The Hierarchy of Marketplaces — Introduction and Level 1
A few years ago, I published a framework I called The Hierarchy of Engagement (Version 1, and updated “Expanded” Version) which synthesized my thinking on how to build enduring consumer products. The Hierarchy of Marketplaces synthesizes my thinking on how to build enduring marketplaces.
Marketplaces that are able to scale the hierarchy build dominant “winner take most” value. What is required to get there is a focus not on GMV, but on creating happiness.
The marketplace that wins is the marketplace that figures out how to make their buyers and sellers meaningfully happier than any substitute. GMV alone is a vanity metric that can lead you down the wrong path if you chase it.
I encourage you to use the Hierarchy of Marketplace framework when thinking about your own marketplace and building out your product roadmap. As with all the frameworks I publish here, this is a work in progress and will evolve. Feedback welcomed.
I’ll be publishing the hierarchy in three installments. You’ll noticed that for a few of the slides that benefit from a more nuanced explanation, I added some text to share my thinking.
I’m in debt to the incredible feedback I’ve gotten on countless drafts from: Bill Gurley, Casey Winters, Lenny Rachitsky, Riley Newman, Jason Droege, Sebastian Gutierrez, Dan Hockenmaier, Malay Gandhi, amongst others. Thank you!
This point is very important so let me provide some voiceover:
Much like MAUs is a vanity metric for consumer social companies, I believe GMV is a vanity metric for marketplaces. As we saw with the three case studies, GMV does not get to the heart of whether you are creating enduring value or not. No matter how large an incumbent may be, they are always vulnerable to a new entrant that makes buyers and sellers happier. In other words, happiness — not scale — is your moat.
The focus on transactions is understandable — it’s easy to measure, and milestones like “$1m of annualized GMV” can be useful to aim for. But the ultimate success of your marketplace will depend on your ability to create meaningfully more happiness in the average transaction than any substitute, not how many transactions you accumulate.
This is not to say that you shouldn’t grow. In marketplaces, saturation of a market is critical, and the only way to do that is to grow. But if you think of growth as a means to increasing the average level of happiness per transaction (instead of the goal itself), it will focus you on quality growth over vanity growth.
Coincidentally, as I’ll show in Level 2, once you reach sufficient happiness, growth actually becomes a positive externality of that happiness. In other words, by pursuing happiness, you’ll achieve growth. But not vice-versa.
If you pick the right thimble, you can win the ocean. But you’ll never win by going after the ocean first. Pick wisely.
If you’re worried you may have chosen too small a market, you’re probably on the right track. Just make sure it’s not a dead end. The best marketplace founders I’ve seen are brilliant at knowing which opportunity to go after first, and how to sequence from there.

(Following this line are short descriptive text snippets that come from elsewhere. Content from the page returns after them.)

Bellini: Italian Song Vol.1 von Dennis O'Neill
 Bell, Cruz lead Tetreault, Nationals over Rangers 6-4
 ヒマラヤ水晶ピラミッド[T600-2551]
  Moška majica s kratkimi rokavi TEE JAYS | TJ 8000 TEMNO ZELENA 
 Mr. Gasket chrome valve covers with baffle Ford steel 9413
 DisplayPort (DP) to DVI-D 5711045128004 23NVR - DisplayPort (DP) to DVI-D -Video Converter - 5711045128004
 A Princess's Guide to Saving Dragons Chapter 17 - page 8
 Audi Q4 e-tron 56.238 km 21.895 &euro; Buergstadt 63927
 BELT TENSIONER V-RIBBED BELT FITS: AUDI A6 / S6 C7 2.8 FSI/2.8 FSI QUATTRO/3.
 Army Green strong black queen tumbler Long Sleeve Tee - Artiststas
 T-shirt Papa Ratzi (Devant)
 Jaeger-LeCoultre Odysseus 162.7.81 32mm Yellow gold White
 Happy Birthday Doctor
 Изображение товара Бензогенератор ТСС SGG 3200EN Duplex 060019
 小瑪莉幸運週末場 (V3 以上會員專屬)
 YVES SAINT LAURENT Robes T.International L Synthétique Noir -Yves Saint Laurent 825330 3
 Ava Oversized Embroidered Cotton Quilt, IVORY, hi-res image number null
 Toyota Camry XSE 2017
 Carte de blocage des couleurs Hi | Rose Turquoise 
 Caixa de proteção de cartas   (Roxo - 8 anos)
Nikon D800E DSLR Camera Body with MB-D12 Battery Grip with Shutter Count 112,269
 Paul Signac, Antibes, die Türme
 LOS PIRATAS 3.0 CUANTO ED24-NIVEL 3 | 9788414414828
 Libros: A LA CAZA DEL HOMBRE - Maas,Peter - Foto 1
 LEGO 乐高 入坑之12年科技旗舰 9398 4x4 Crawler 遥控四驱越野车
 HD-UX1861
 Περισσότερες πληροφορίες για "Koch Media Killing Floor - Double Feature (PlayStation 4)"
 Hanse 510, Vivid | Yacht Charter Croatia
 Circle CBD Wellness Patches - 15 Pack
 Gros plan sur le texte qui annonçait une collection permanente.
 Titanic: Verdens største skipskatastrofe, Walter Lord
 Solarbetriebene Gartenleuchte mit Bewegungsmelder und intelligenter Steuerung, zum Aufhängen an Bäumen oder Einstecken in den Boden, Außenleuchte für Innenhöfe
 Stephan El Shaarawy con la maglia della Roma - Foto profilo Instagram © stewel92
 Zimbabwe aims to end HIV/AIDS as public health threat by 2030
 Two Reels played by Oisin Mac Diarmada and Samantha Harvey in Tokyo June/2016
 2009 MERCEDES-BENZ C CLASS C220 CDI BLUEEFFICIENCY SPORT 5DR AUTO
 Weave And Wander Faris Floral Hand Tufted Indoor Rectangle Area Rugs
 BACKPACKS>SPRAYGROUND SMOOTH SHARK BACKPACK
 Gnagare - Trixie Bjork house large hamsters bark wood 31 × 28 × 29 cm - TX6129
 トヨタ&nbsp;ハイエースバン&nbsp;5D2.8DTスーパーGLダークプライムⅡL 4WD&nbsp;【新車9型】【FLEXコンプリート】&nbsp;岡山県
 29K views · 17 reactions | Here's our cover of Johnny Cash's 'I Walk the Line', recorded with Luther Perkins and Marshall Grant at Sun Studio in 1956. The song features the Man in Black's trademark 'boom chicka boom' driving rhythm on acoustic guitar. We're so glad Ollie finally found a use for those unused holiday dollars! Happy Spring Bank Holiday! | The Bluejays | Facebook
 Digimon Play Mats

Ask yourself: Are there adjacent markets that are a natural outgrowth of your thimble and consistent with your mission? Good. If not, reconsider your starting point. I find it particularly useful to think through this from the buyer’s perspective.
And if you worry you may be going after too big a market, look to see which cross-section of your cohorts is retaining best, and double-down on that use case or market instead.
A couple closing thoughts on this slide:
First, I’ll admit that “net revenue retention” is not a perfect measure of happiness, but it’s the best single measure I’ve seen. Some people ask about Net Promoter Score, but I’ve never been convinced that it’s useful.
There is a chance that Sean Ellis’s “How [disappointed] would you be if you couldn’t use [company name]?” might be, but I don’t have enough data on this. I recommend you try it and please let me know if it’s more useful!
Second, it’s also worth noting that Minimum Viable Happiness is a dynamic measure you have to watch vigilantly, because happiness is relative to expectations, which is itself relative to what the available substitutes are. Buyers were happy with Grubhub before Postmates, DoorDash, and Uber Eats came along. With those new entrants, Grubhub’s buyer net revenue retention deteriorated as their consumers chased the broader availability on the on-demand platforms.
It’s a good reminder that buyer and seller expectations are constantly evolving, and with that evolution, what you need to achieve Minimum Viable Happiness and grow happiness from there will change with it.